Brierley's tilt at cashed-up Kirkcaldie lapses
Kirkcaldie's board of directors repeatedly advised shareholders not to accept Mercantile's offer, which was initially $2.75 per share but was increased to $3 per share in April.
Mercantile is the third-largest shareholder in Kirkcaldie, which operated the upscale Wellington department store now being redeveloped as the first New Zealand branch of Australian retailer David Jones.
Sir Ron was looking to secure the residual assets of Kirkcaldie.

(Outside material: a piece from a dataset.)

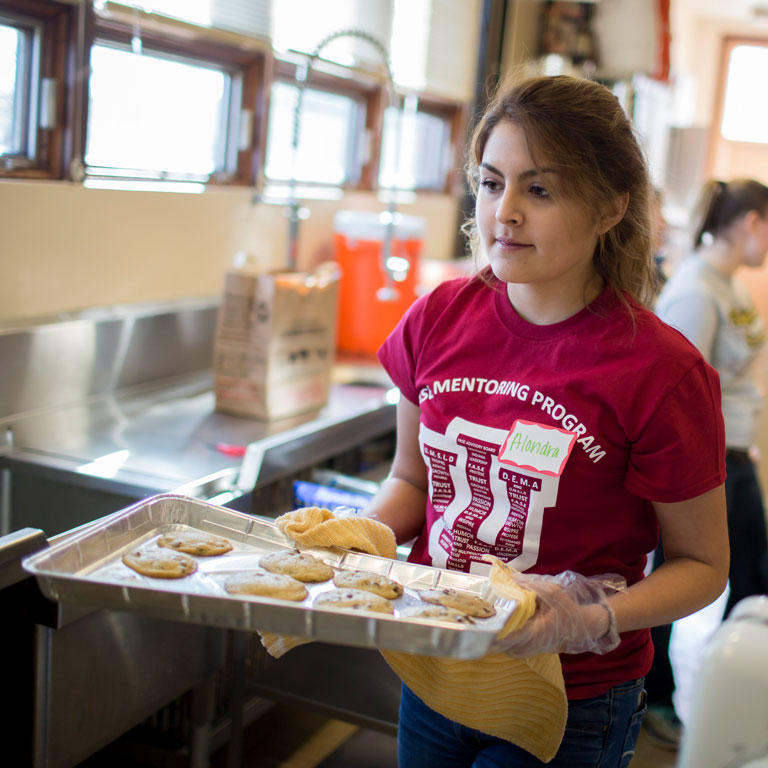 Female in commercial kitchen carrying tray of cookies.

Its ultimate value depends on the cost of exiting remaining property leases.
"Mercantile NZ gives notice that it has not received sufficient acceptances under the offer to satisfy the minimum acceptance condition of the offer and thus, the offer has lapsed in accordance with its terms and conditions and all acceptance forms will be destroyed," the company says.
The minimum acceptance condition in the initial offer document relied on Mercantile getting 90% of voting rights in Kirkcaldie by the closing date unless it accepted a lower level of 50%.
According to a substantial security holder notice filed to the NZX, Mercantile now holds 9.9% of Kirkcaldie, down from 11% on April 1.
Two weeks ago, the board lifted its estimate for the cash that will be returned to shareholders when the company is wound up to a range of $3.50-3.60 a share, from a previous range of $2.99-3.49, having exited the lease on its Petone premises and sub-leased its Thorndon Quay site.
"In light of these revised numbers we continue to recommend that you do not sell your shares to Mercantile for $3," Kirkcaldie says. "The board is confident of the company being able to distribute to shareholders between $3.50-3.60 per share in a winding up during the course of 2017. We would look to do so as quickly as possible and have a clear strategy for doing so."
Kirkcaldie stock was trading at $1.559 before Sir Ron first flagged his takeover offer at $2.75 apiece in February. The shares last traded at $3.26.